Search code examples
pythonlinkedin-apipython-requests

How could I use python-request to grab a linkedin page?


I use below code try to grab a linked in page,but it seems this method couldn't let me login,just show me the unauthorized home page.

#/usr/bin/env python3
import requests
from bs4 import BeautifulSoup


payload = {
'session-key': 'my account',
'session-password': 'my password'
}

URL = 'https://www.linkedin.com/uas/login'
s = requests.session()
s.post(URL, data=payload)

r = s.get('http://www.linkedin.com/nhome')
soup = BeautifulSoup(r.text)
print(soup)

`


Solution

  • This is much more complicated than what you've got so far.

    You will need to do something like:

    • Load https://www.linkedin.com/uas/login
    • Parse the response with BeautifulSoup to get the login form, with all the hidden form fields etc. (The CSRF ones are particularly important, as the server will reject a POST request without the correct values).
    • Build your POST data dictionary from the parsed login form data + your username and password
    • POST that data to https://www.linkedin.com/uas/login-submit (you might have to fake some of the headers too, as it might only accept requests marked as AJAX)
    • Finally GET http://www.linkedin.com/nhome

    You can see this whole process by opening the developer tools in chrome/firefox and going through the login process in the network tab.
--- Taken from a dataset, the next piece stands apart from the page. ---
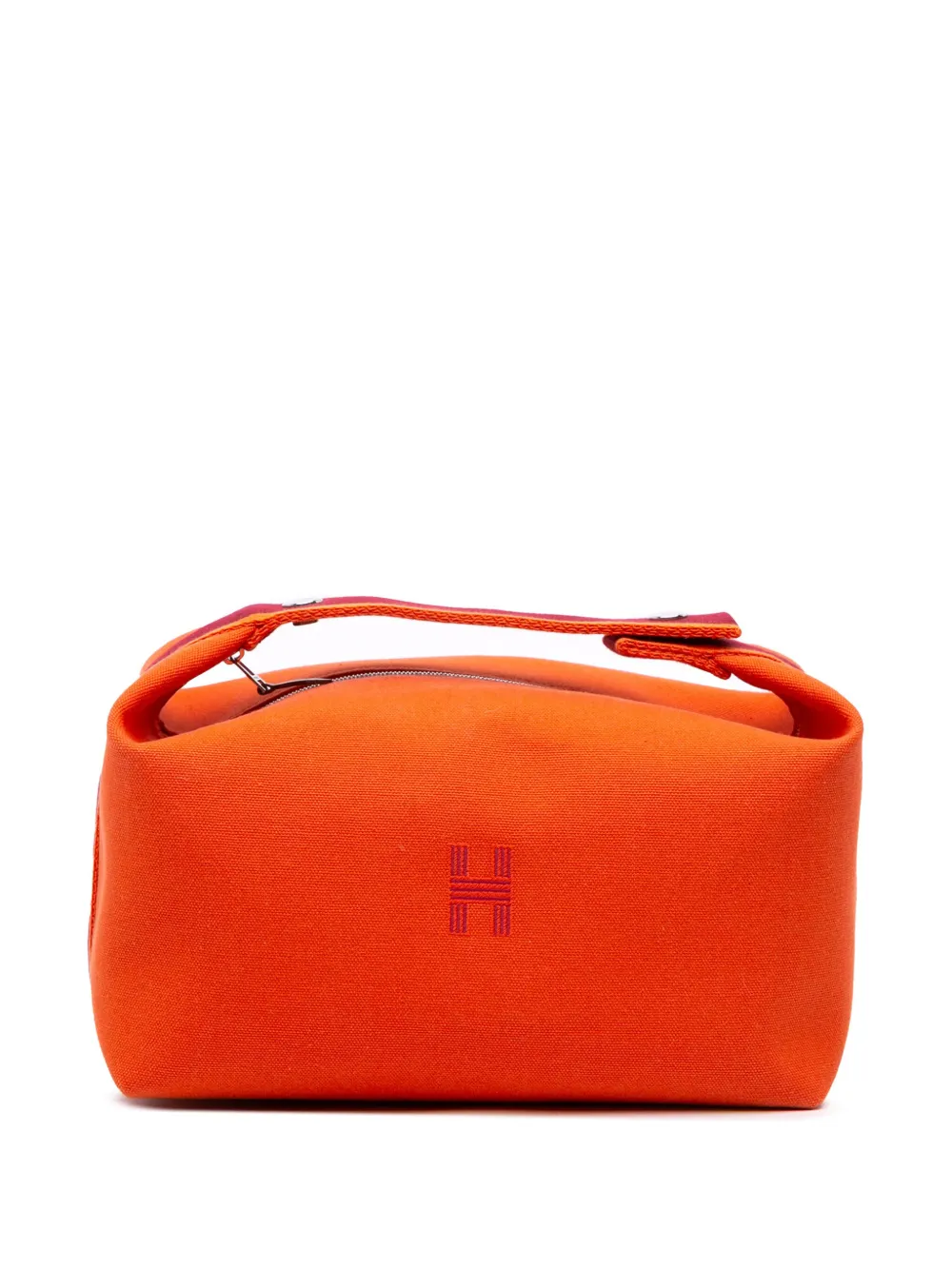 Hermès Pre-Owned 2021-2025 Large Canvas Bride A Brac Case vanity bag | Orange | Image 1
    Something like this should work:

    import requests
    from bs4 import BeautifulSoup
    
    # Get login form
    URL = 'https://www.linkedin.com/uas/login'
    session = requests.session()
    login_response = session.get('https://www.linkedin.com/uas/login')
    login = BeautifulSoup(login_response.text)
    
    # Get hidden form inputs
    inputs = login.find('form', {'name': 'login'}).findAll('input', {'type': ['hidden', 'submit']})
    
    # Create POST data
    post = {input.get('name'): input.get('value') for input in inputs}
    post['session_key'] = 'username'
    post['session_password'] = 'password'
    
    # Post login
    post_response = session.post('https://www.linkedin.com/uas/login-submit', data=post)
    
    # Get home page
    home_response = session.get('http://www.linkedin.com/nhome')
    home = BeautifulSoup(home_response.text)